Image:lvc_picogreen.jpg

In most cases, the concentration estimate via Picogreen should be lower than the concentration estimate via Nanodrop. This is because Nanodrop measures DNA + RNA, whereas Picogreen only measures DNA.

Based on the Picogreen concentration estimates, dilute the DNA to 50 ng/μL in 10 mM Tris (and 0.1 mM EDTA, optional).
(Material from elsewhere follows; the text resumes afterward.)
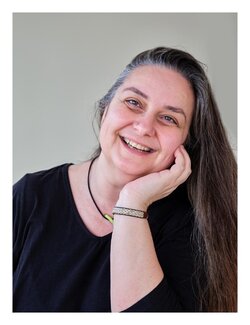 Follow Gina Axlund on Select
Notes for samples of concentration lower than 50 ng/μL:

  • If you have a lot of samples that are 30-50 ng/μL, you can dilute all samples for your library to 30 ng/μL or 40 ng/μL instead of 50. The amount of adapter that you add at the ligation step (see below) should be reduced proportionately.
  • For samples in the 10-50 ng/μL range, a cheap and efficient way to concentrate them is by isopropanol precipitation:
    • Combine 200 μL DNA sample, 20 μL 3M sodium acetate, and 200 μL isopropanol.
    • Mix well by inversion. Place in the freezer for at least an hour.
    • Spin down 10 minutes in the centrifuge.
    • Pour off the liquid, taking care to keep the pellet.
    • Add 200 μL 70% ethanol to rinse. Invert a few times.
    • Spin down 1 minute, then pour off the ethanol, again being careful not to lose the pellet.
    • Allow to dry on the lab bench.
    • Resuspend the DNA in 20 μL TE.
    • Requantify with Picogreen, then dilute to 50 ng/μL.
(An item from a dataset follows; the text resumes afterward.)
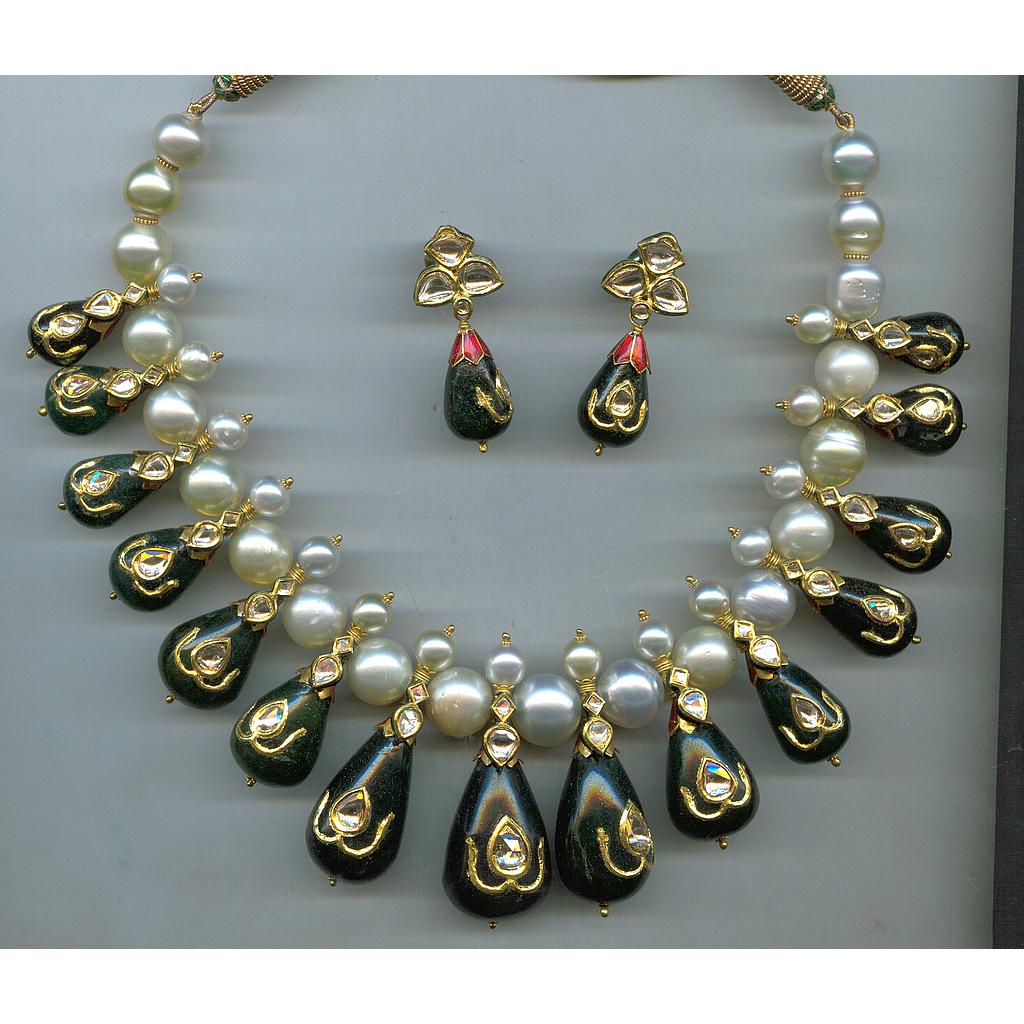 DIAMOND HALF SET LONG FANCY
Restriction digestion and ligation

Restriction digestion master mix:

Ingredient For one sample For one plate
50 ng/ul DNA 5 ul -
10X NEBuffer 4 (or CutSmart) 1.5 ul 165 ul
PstI-HF, 20,000 U/mL 0.25 ul 27.5 ul
MspI, 20,000 U/mL 0.25 ul 27.5 ul
Nuclease-free water 8 ul 880 ul

(I have also used DNA at a concentration of 100 ng/ul because that was what Keck wanted for GoldenGate, so then I used 2.5 ul DNA and 10.5 ul water.)
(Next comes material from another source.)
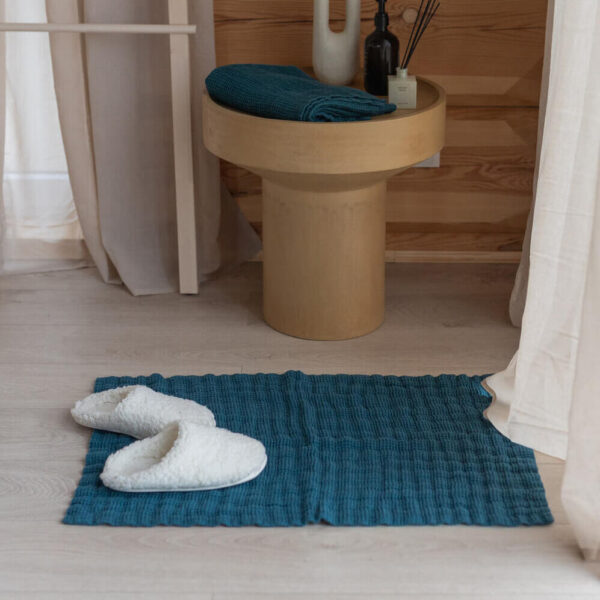 Linen waffle bath mat in Deep Water (2)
Do this in a 96-well plate. Pipette the DNA into the wells and then add 10 ul of master mix to everything. Pick one well that will not have DNA in it. This will be an important control later on to demonstrate that this library was not contaminated with another library (which will have a different empty well).

Run the Digest program on the PCR machine: 3 hours at 37°C, then 20 minutes at 80°C.

Using a multichannel pipette, add 1.5 μL of 0.1 μM PstI adapters to their corresponding wells on the digestion plate. (Do add the adapter corresponding to the well that has no DNA in it.)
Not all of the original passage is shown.